### TASK BRIEF:
Leave out the pictures, and copy exactly the lines from the line with "DreamBid. Zdjęcie 9." through the last line of the data below.

(Collected data)
--------
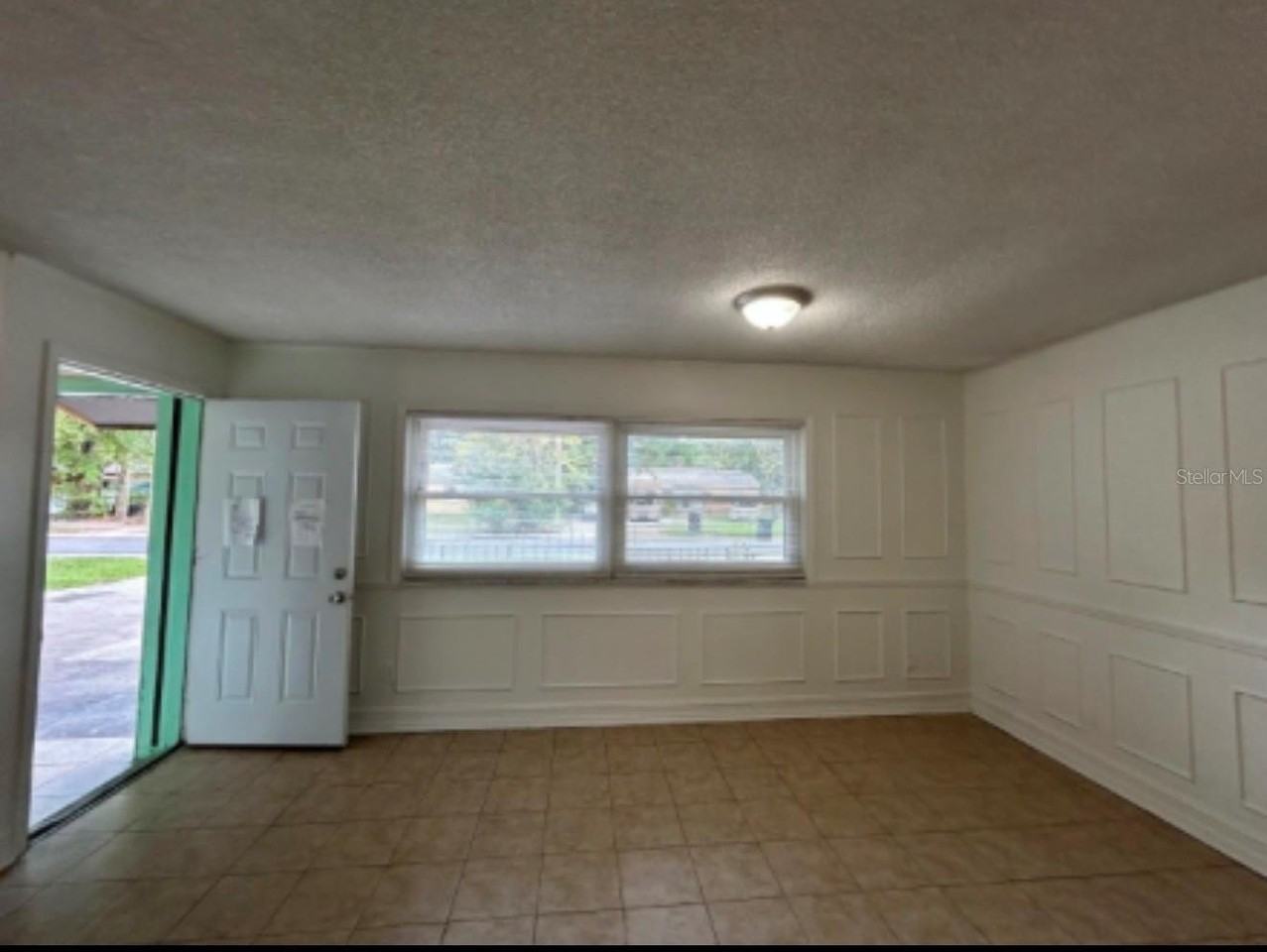 625 19th St - Photo 3 of 3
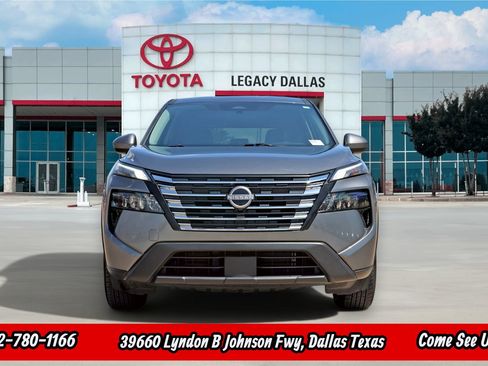 Used 2025 Nissan Rogue SV AWD/4WD image 5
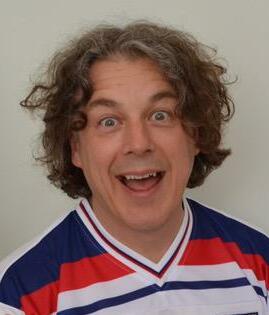 <span class="mw-page-title-main">Alan Davies</span> English comedian, presenter and actor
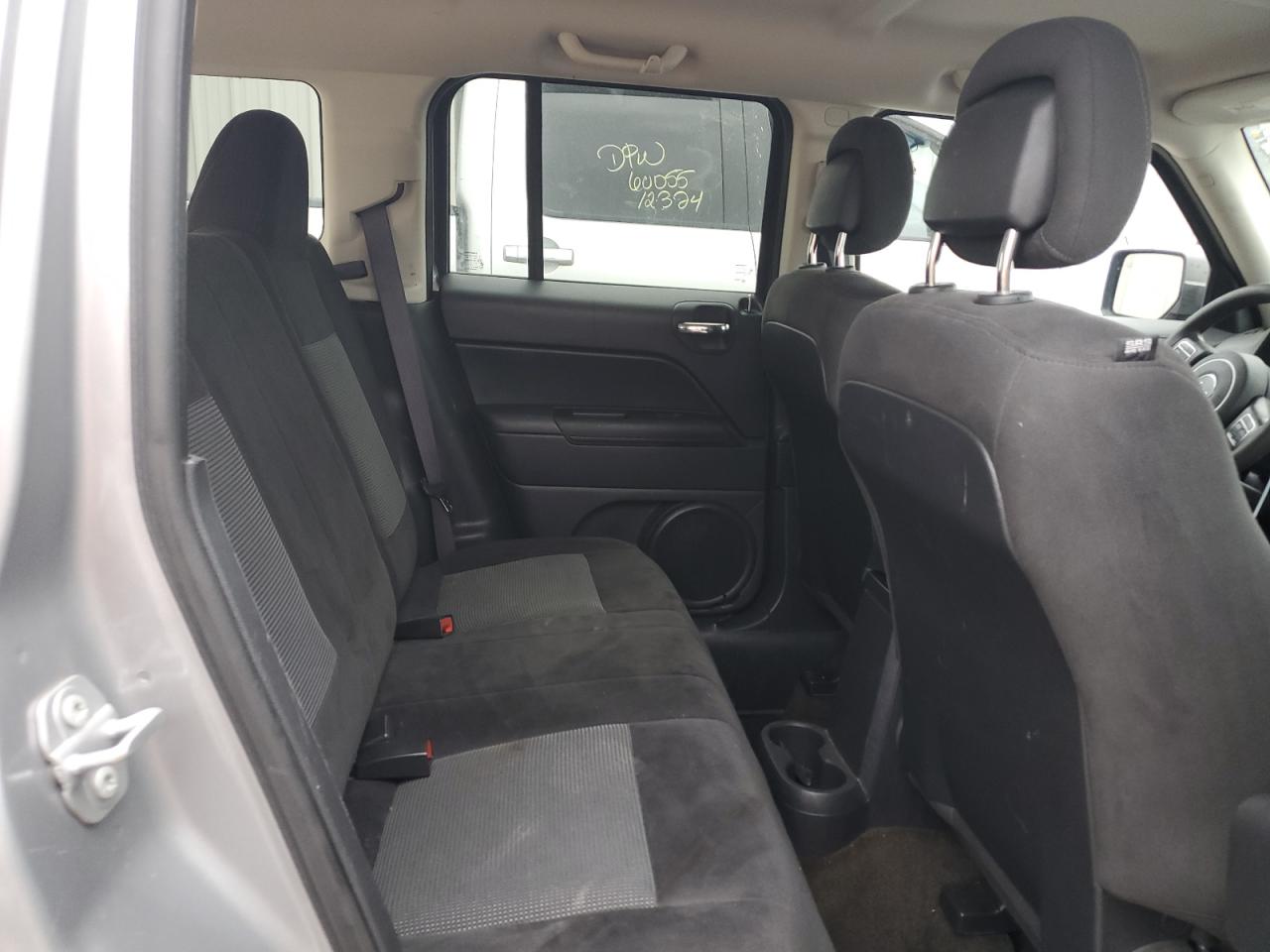 2017 Jeep Liberty (Patriot) - Image 11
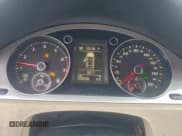 ✅ 2011 Volkswagen CC Sport • VIN: WVWMN7ANXBE700801 • Lot: 94528565. Wystawiony na Copart z przebiegiem 155 720 mil. Bezpłatny archiwum sprzedaży aukcyjnych z USA i szczegółowy raport historii pojazdu na DreamBid. Zdjęcie 9.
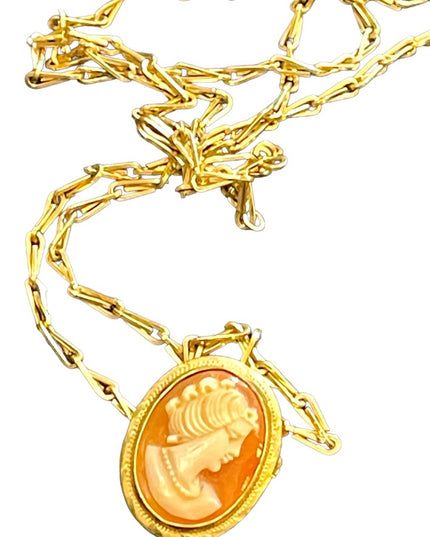 Vintage 12k gold filled Shell Cameo on gold chain necklace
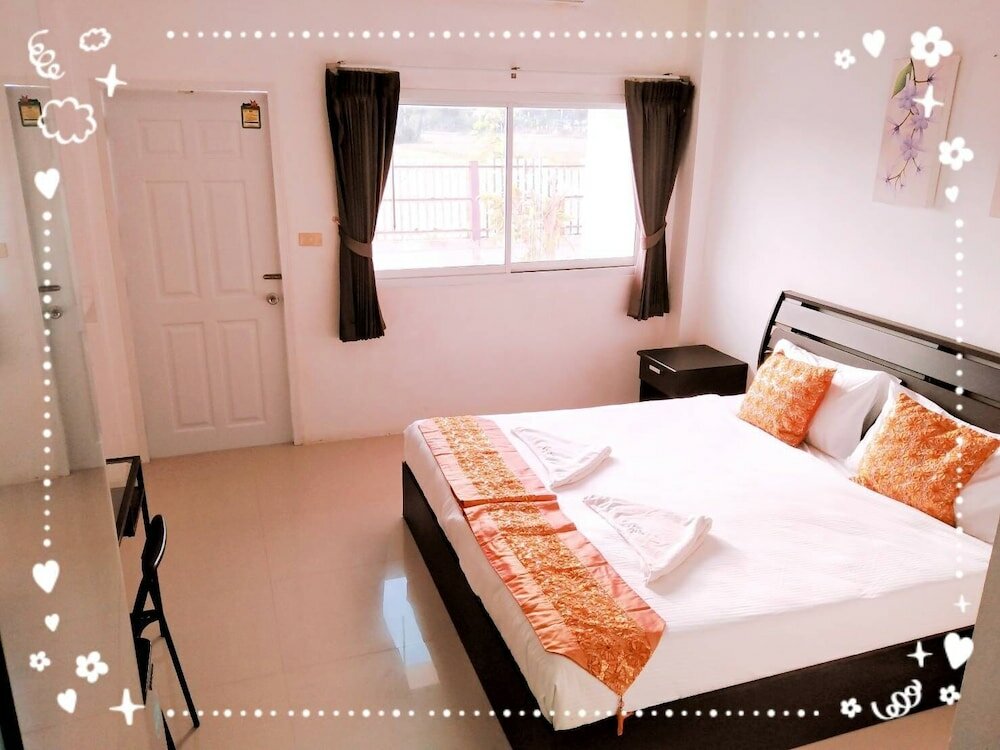 Фото Phet Cha-am Plaza & Resort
--------
### TASK SOLUTION:
 ✅ 2011 Volkswagen CC Sport • VIN: WVWMN7ANXBE700801 • Lot: 94528565. Wystawiony na Copart z przebiegiem 155 720 mil. Bezpłatny archiwum sprzedaży aukcyjnych z USA i szczegółowy raport historii pojazdu na DreamBid. Zdjęcie 9.
 Vintage 12k gold filled Shell Cameo on gold chain necklace
 Фото Phet Cha-am Plaza & Resort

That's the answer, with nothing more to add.